--- Material provided Enclosed Below ---

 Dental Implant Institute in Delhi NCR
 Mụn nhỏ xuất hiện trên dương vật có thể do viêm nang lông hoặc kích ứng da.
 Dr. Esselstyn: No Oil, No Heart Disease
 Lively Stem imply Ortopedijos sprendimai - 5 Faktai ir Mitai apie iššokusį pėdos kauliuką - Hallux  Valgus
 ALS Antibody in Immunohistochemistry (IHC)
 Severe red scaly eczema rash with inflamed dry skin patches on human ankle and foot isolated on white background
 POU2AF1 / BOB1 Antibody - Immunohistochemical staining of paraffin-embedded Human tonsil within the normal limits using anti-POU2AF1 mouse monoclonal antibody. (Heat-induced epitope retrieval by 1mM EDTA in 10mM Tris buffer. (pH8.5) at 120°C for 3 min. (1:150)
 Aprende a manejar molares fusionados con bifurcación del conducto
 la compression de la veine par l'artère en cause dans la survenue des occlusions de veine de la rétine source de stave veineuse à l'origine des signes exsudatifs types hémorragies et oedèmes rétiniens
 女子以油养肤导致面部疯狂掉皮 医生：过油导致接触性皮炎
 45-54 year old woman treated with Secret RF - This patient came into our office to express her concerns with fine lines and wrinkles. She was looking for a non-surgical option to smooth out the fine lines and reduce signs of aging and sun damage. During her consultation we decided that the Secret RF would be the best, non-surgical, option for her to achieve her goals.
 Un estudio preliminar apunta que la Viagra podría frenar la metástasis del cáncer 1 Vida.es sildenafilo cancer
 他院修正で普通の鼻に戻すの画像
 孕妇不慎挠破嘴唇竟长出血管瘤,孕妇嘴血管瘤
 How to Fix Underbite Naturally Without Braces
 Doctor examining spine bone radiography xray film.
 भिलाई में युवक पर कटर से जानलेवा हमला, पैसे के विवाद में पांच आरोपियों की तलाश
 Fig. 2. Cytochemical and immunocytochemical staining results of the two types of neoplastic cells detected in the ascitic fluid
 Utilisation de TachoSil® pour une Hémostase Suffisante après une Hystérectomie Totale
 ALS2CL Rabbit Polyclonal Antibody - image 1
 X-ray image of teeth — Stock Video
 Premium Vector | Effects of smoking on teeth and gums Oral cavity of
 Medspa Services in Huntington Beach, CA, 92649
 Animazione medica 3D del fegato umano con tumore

--- End of Enclosed Material provided ---

Exercise directions: The required output is every line from the one with "ALS2CL Rabbit Polyclonal Antibody - image 1" to the final line of the entries, repeated exactly and with nothing else.

Solution for this exercise:
 ALS2CL Rabbit Polyclonal Antibody - image 1
 X-ray image of teeth — Stock Video
 Premium Vector | Effects of smoking on teeth and gums Oral cavity of
 Medspa Services in Huntington Beach, CA, 92649
 Animazione medica 3D del fegato umano con tumore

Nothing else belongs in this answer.